What you are asked to do:
Exact repetition of a range: find the line containing "This is a captcha-picture." and the line containing "Image of Canon®" in the material below, then repeat both and all lines between them, leaving pictures out.

Data in this exercise:
**********

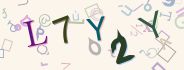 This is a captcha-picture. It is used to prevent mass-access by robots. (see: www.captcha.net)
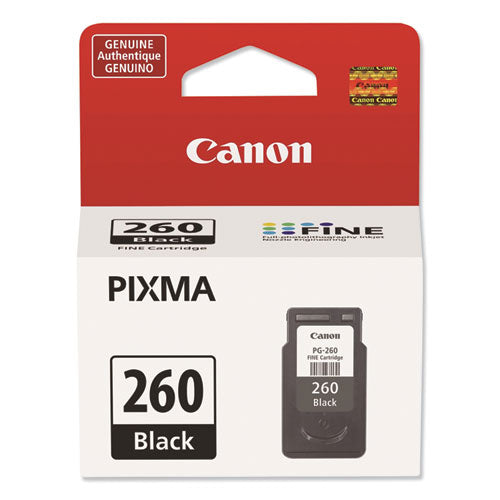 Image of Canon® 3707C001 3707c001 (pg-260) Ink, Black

**********

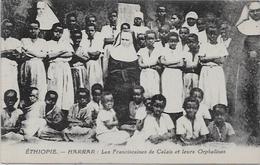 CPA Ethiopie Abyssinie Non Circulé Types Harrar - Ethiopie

**********

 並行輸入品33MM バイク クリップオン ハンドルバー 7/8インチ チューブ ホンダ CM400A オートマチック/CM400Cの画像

**********

Task output:
 This is a captcha-picture. It is used to prevent mass-access by robots. (see: www.captcha.net)
 Image of Canon® 3707C001 3707c001 (pg-260) Ink, Black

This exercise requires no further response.